Firefox/Input/Sites
Jump to navigation
Jump to search
Sites Entities
This is a snapshot on what the sites tables look like. At the moment, primarily to discuss changes to the clustering process.
SiteSummary
A set of parameters (url, Firefox version, OS, feedback type: happy or sad) with an ID.
All comments matching the same set of parameters are clustered together.
The parameters are also used to browse clusters on the dashboard
Fields:
- id (1, 2, 3...)
- url ("http://google.com", "https://ebay.com")
- version ("4.0b7", "4.0b9pre"...)
- os ("mac", "vista", "android"..., and "<mobile>", "<desktop>" that match comments from a union of those)

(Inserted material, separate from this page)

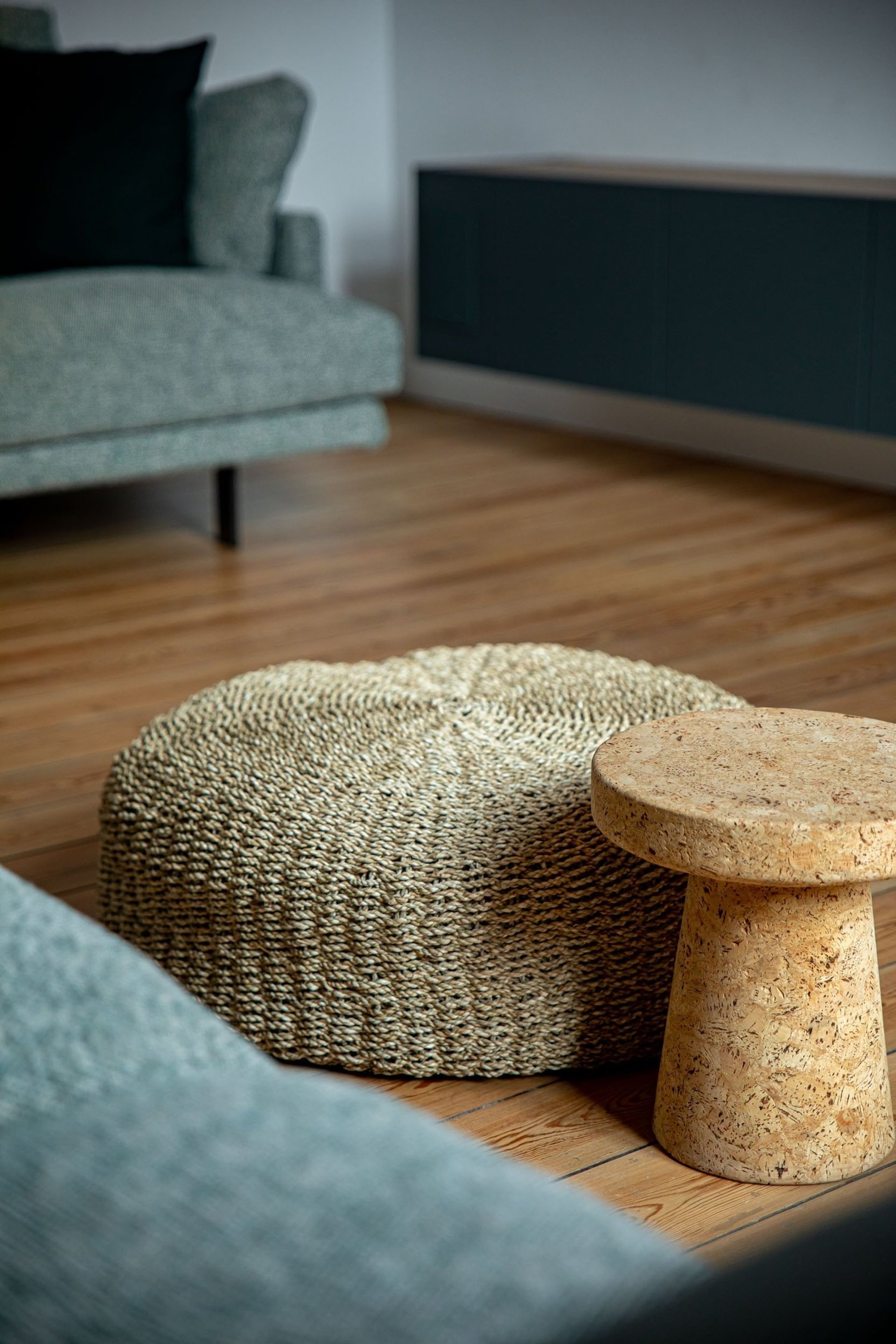 an abstract photo of a curved building with a blue sky in the background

- positive (1=happy, 2=sad, optional: NULL=both)
Cluster
Comments that have been put together by the clustering algorithm.
Points to the sitesummary it belongs to.
Also points to a main comment that represents the cluster on overview pages.
- id
- site_id
- site_summary_id
- primary_description (denormalized, same as in comments table)
- primary_comment_id (a pointer to the comment that is source of the primary description)
- positive (1=happy, 2=sad)
Comment
Contains the actual text of the comment.
Points to the cluster it belongs to.
Also contains the ID of the original feedback item (which contains more info).
- id
- cluster_id
- desciption (the comment text)
- opinion_id a link into the actual source table
- score (0...10.0 assigned by the clustering algorithm, higher is more representative for the cluster)
Structure
site_summary 1:n cluster 1:n comment
Considerations for map/reduce implementation of clustering (bug 621725)
- time is mainly spent doing clustering, IO not that big of a deal
- the old algorithm used a processing db with a lot of chatter, very slow if db is not on localhost
- (web-)developers should be able to start a clustering job without an hadoop installation
what has been done for input 3.0
- used dumbo+hadoop streaming
- clustering itself is parallelized
- import is sequential (id generation requires shared counter)...
- ...but efficient (via TSV + "load data infile")
- for the 1M comments in the DB, the new approach takes about <10 minutes even on one CPU (old script: ~2h, even slower with non-local processing DB)
- expected: about 80%-90% of the time is spent doing clustering and can be parallelized.